Activity:
Instruction for the entries that follow: retype exactly the lines from the line with "Corner Sofa 3" to the line with "12pcs 20Gauge Stainless", both included, and omit all others.

Dataset:
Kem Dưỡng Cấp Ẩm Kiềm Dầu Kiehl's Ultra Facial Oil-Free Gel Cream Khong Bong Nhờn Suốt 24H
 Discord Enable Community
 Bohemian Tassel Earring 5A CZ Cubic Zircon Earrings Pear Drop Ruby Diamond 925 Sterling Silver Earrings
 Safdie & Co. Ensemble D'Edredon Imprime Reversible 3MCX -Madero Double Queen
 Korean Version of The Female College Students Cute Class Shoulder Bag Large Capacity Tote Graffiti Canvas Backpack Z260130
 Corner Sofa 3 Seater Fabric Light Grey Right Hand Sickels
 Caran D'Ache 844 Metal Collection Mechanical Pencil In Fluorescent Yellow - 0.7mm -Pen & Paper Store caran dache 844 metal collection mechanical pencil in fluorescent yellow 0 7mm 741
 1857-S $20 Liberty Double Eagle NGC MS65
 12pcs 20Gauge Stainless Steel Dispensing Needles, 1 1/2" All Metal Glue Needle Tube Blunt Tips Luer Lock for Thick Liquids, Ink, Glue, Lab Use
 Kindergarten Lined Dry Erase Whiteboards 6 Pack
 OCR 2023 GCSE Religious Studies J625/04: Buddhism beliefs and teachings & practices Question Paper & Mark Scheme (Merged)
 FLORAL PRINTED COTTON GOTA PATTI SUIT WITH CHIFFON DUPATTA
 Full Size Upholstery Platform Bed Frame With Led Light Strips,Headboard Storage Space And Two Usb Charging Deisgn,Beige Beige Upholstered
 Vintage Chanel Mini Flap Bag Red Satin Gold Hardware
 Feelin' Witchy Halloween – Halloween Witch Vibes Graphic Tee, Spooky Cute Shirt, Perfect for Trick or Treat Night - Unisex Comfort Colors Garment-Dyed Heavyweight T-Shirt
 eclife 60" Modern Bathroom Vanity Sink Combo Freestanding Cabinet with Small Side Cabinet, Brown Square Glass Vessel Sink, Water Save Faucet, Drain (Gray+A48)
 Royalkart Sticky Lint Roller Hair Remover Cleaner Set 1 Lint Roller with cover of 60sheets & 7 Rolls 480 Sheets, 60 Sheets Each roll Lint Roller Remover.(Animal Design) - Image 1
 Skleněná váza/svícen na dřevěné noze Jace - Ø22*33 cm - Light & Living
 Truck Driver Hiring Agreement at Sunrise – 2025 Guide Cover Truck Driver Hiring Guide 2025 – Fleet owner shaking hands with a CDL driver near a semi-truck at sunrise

Answer:
 Corner Sofa 3 Seater Fabric Light Grey Right Hand Sickels
 Caran D'Ache 844 Metal Collection Mechanical Pencil In Fluorescent Yellow - 0.7mm -Pen & Paper Store caran dache 844 metal collection mechanical pencil in fluorescent yellow 0 7mm 741
 1857-S $20 Liberty Double Eagle NGC MS65
 12pcs 20Gauge Stainless Steel Dispensing Needles, 1 1/2" All Metal Glue Needle Tube Blunt Tips Luer Lock for Thick Liquids, Ink, Glue, Lab Use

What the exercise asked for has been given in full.